I try to distance myself from the story but I've lived with it for so long, I know it so well, that a break, even a lengthy break, gives no improved objectivity. New input, new eyes? I believe I've heard the range of issues that a reader is likely to object to, and the ball's in my court.
My editor, loving a large part of what I've written, and strenuously objecting to some of my zany choices also, accuses me of essentially saying to readers, I don't care if you like this or not. I'm wrestling with that. She's probably right. But if I dislike a major amount of the work I find on Amazon, it may be inevitable that my taste will fail to beguile many. I need to produce a book that is as good as I can make it, according to my idea of good, what delights me, rather than what might be more marketable.
--edited by Mimi Speike on 7/8/2014, 6:29 PM--
When I get stuck on revision, it usually has to do with one chapter that is giving me fits. What I end up doing is focusing on revisions in another area, all the while keeping the troublesome chapter in the back of my mind. If that doesn't work, I get away from the revision process for an hour. I do something creative, maybe a 15 minute free write, maybe write something from a minor character's point of view. Ususally that does the trick.
I am with Chuck. Revising is the most fun for me. I love chiseling away at what's already been built. It's actually getting the words and ideas down that takes huge concentration and effort for me.
If you've read the Maisie Dobbs mystery series, you know that when Maisie's stuck on a case, she likes to go for a walk. That's been my strategy in the past--having a dog helps! After all, they're always game to go for a walk.
What other strategies do folks use when they are stuck on something they need to problem solve?
Seems like I'm in the majority here! When I get stuck, I set it down and work on something else for awhile. I think you do need to push yourself to revise and keep working at it, but with any creative process, forcing yourself to work on it will either lead to a final product that sounds forced, or will ruin your enjoyment of it and you won't be able to think of creative solutions.

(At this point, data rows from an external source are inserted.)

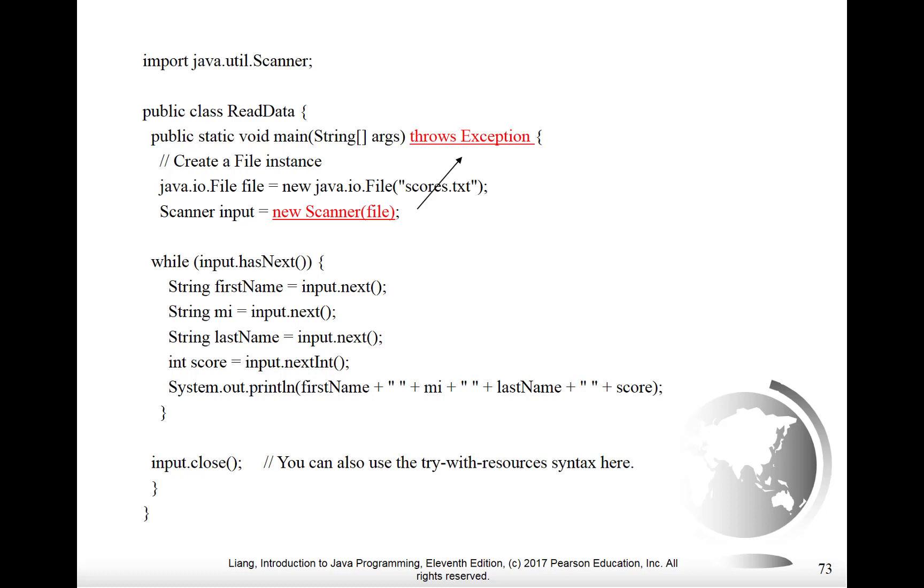We create a file object just like we did before in about the fifth line of the code where you see java.io.file, and then we give the object the name file and we say equals new java.io.file, and then in brackets we have a quoted string scores.txt. So we're opening the same name of file that we did before and now we can go ahead and read from it.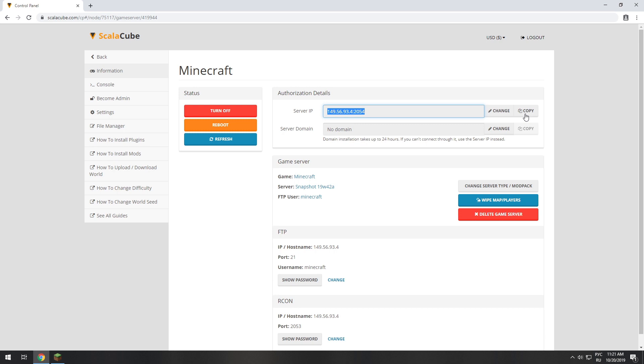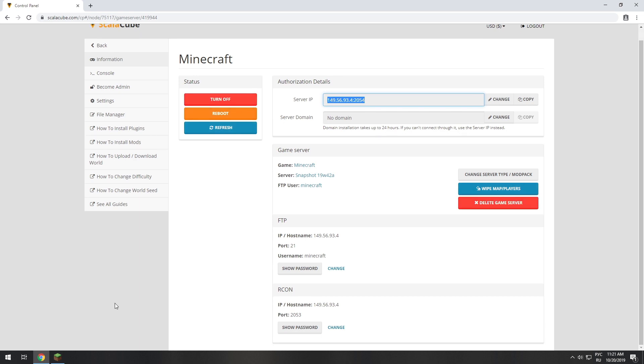The game client can be downloaded and installed via the official Minecraft launcher. It can be downloaded from its official website. Launch the game client.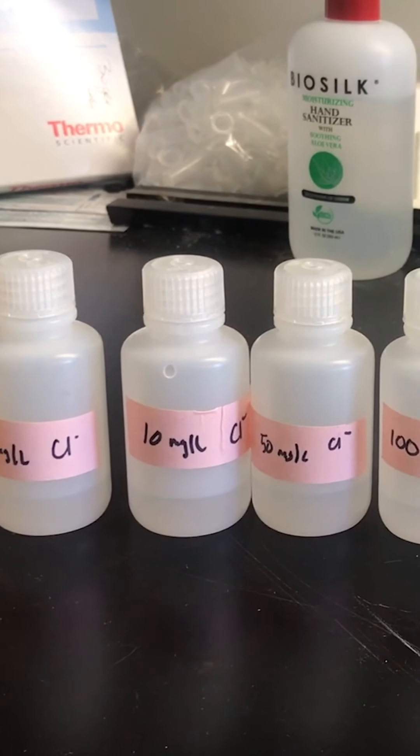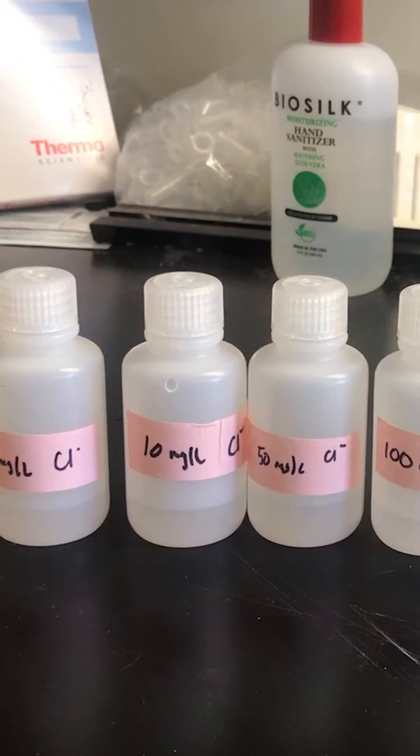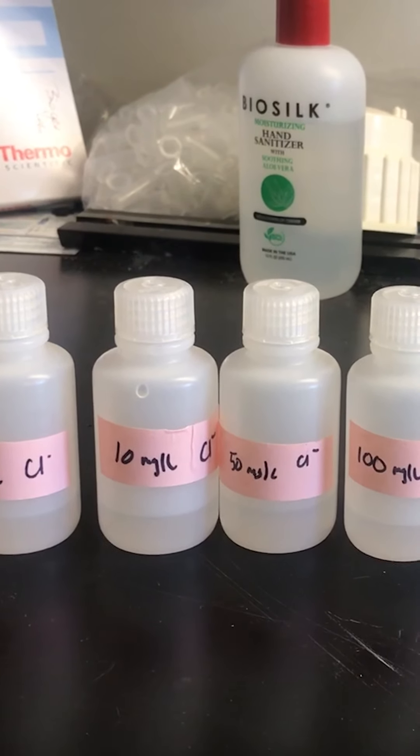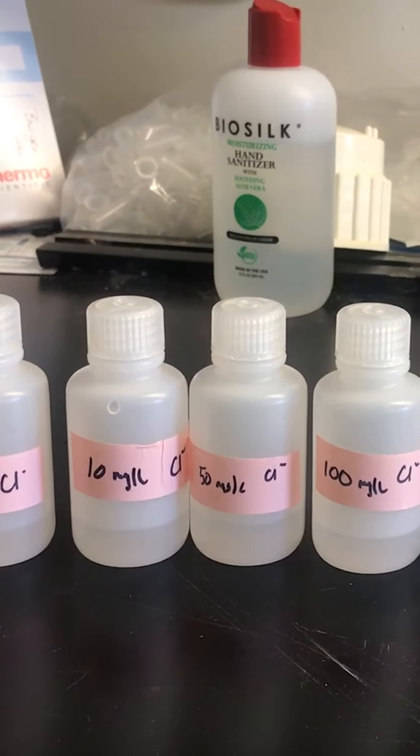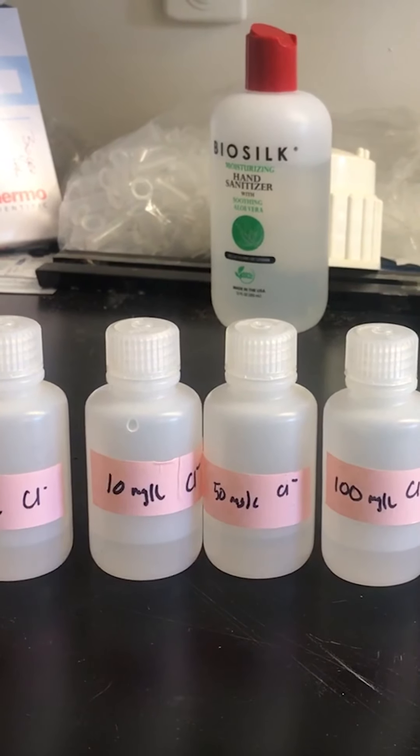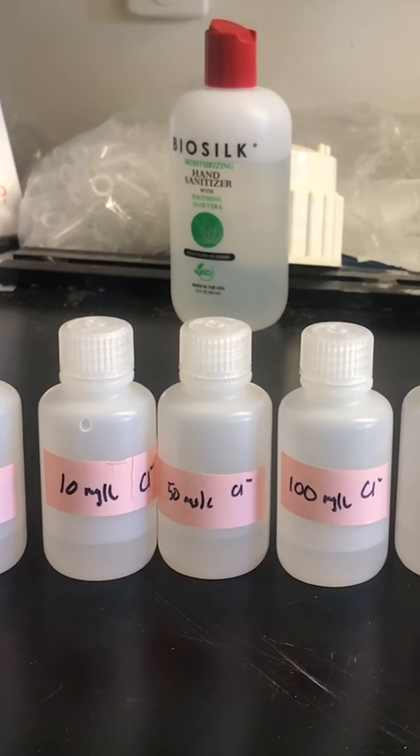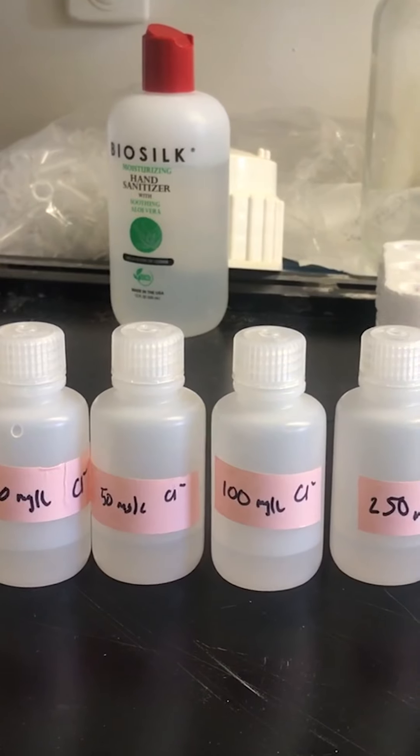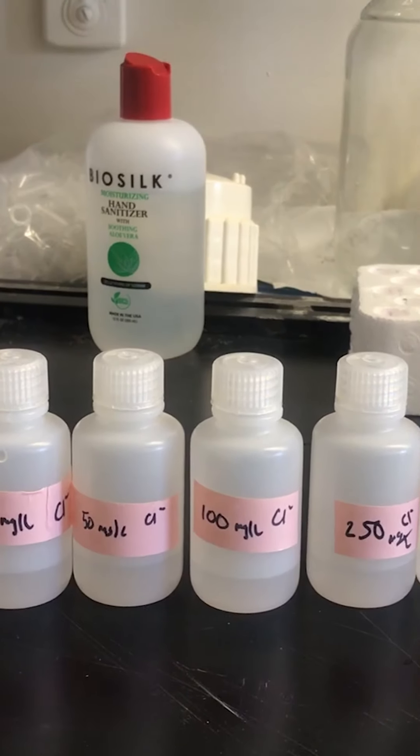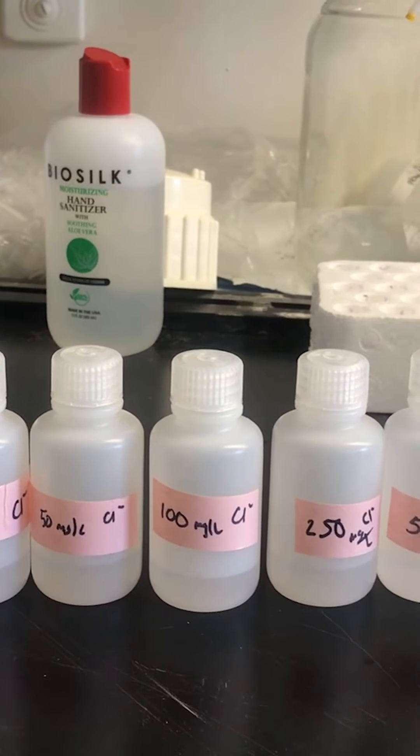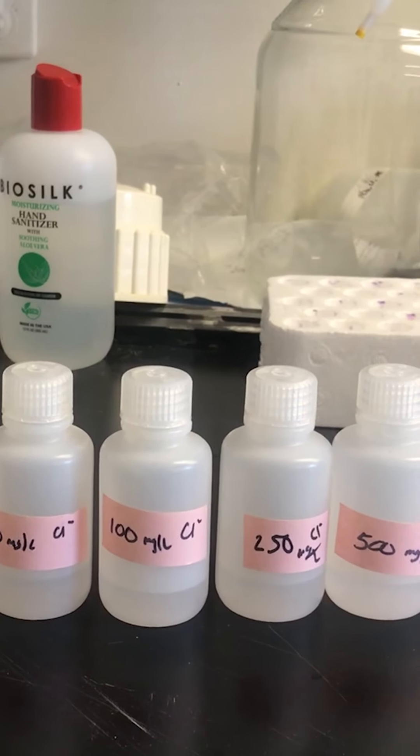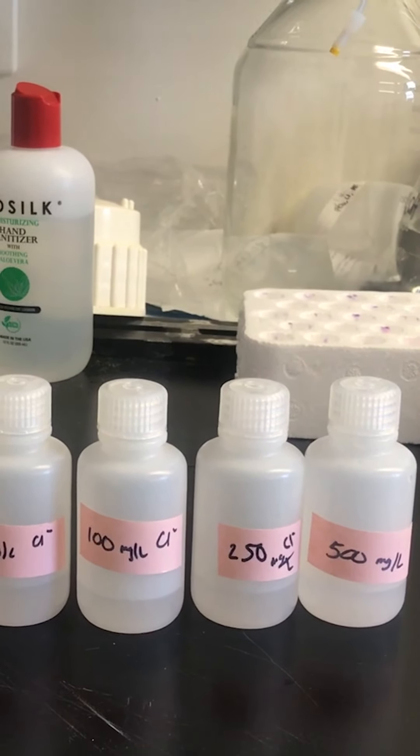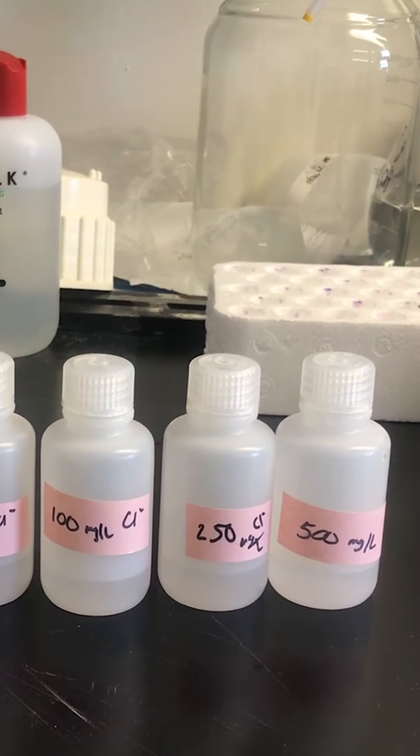An important step we must do every time we analyze samples is calibrate the machine. I have a range of standards that are prepared, ranging from 1 milligram per liter to 500 milligrams per liter of chloride. These are the first things that the machine analyzes, which helps to calibrate it so it's able to run all my samples and detect how much chloride is in each sample.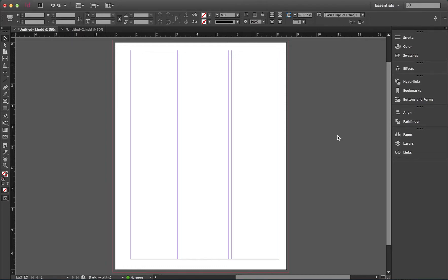Welcome to InDesign. In this segment, we'll take a look at the Page Palette. The Page Palette is where you can control your master pages for your document,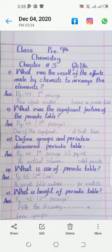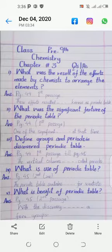Third short question: Define groups and periods in the periodic table. Its answer is on page number 44, continuing to page number 45, starting from 'the vertical columns' and ending at 'called periods'.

Usually, when I need to change something major, I don't look at the text for a few days. I think "right, so I need this *something* to happen, how does that happen?" and I work backwards from there, always thinking of the craziest ideas that I can. Usually, a good idea will pop into my head at some point. But if I pressure myself to "fix it! fix it NOW!" no way, I'll never sort it out.
Sometimes, if I'm really stuck, I watch a TV show or movie that I like (mostly for a distraction) but also to think about the storytellers did to draw me in. How did they play with the time line to uncover information slowly? Why are the characters/relationships interesting to me? I think it just gets the creative juices flowing and stops me from obsessing over revisions.
Anyway. Hope you get revisions done soon! Good luck!